▶ _Provided data_
*****

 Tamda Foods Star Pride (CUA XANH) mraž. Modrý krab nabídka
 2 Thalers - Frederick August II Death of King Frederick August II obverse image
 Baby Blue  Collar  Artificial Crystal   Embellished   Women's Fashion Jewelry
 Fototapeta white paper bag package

*****

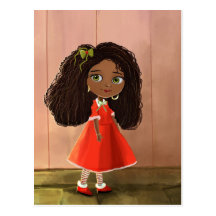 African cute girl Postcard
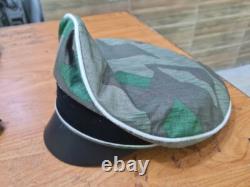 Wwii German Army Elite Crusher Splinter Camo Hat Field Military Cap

*****

▶ _Problem details_
Would you print exactly and only the lines of the material above that run from the line with "Tamda Foods Star" through the line with "Fototapeta white paper bag package", both included?

▶ _Result of this task_
 Tamda Foods Star Pride (CUA XANH) mraž. Modrý krab nabídka
 2 Thalers - Frederick August II Death of King Frederick August II obverse image
 Baby Blue  Collar  Artificial Crystal   Embellished   Women's Fashion Jewelry
 Fototapeta white paper bag package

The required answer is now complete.